4/10
A teenaged she-devil.
19 July 2022
Warning: Spoilers
It's easy to see through characters like the teenage French flirt played by Mai Zetterling, so chipper and friendly on the outside, yet constantly scheming and twirling her hands together as if the most beautiful witch, the kind that Zetterling would be out to expose and destroy in the cult 1990 film starring Angelica Houston. The faculty doesn't take new professor Hugh Williams' warnings about her seriously, and apparently neither does he. She's disruptive in the class, attention seeking and a bad influence on the other girls (particularly Petula Clark as Williams' daughter), so when he begins to fall for her phony charms, it becomes an instant eye rolling moment. Only a fool would fall for her antics and sympathize with her past as a motive for her behavior, and Williams is not a fool.

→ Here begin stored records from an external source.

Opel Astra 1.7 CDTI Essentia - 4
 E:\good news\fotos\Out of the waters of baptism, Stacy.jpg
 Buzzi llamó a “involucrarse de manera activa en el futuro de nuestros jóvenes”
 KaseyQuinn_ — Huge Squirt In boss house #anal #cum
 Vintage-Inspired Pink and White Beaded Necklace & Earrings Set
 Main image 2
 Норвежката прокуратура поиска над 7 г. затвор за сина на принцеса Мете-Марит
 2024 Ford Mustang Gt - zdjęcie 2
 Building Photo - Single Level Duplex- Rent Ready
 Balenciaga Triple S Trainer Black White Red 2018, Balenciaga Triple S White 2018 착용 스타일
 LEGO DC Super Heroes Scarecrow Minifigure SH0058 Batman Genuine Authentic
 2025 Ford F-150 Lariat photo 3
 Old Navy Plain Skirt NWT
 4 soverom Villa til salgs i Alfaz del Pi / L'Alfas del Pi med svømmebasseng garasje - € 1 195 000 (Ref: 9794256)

With a perfect wife (Margot Graham) and a nice daughter, there's no reason other than a case of instant stupidity for Williams to fall into her spider's trap. She's a completely one dimensional character, and after a while, the French accent of the Swedish born Zetterling becomes annoyingly cartoonish, and not in a fun phony Russian or eastern European accent that actresses like Eve Arden, Nita Talbot or Marian Mercer would adapt. The direction and script are to blame, and more subtlety would have greatly aided Zetterling's performance. A great production design helps as does the desire to see Arlette get her comeuppance.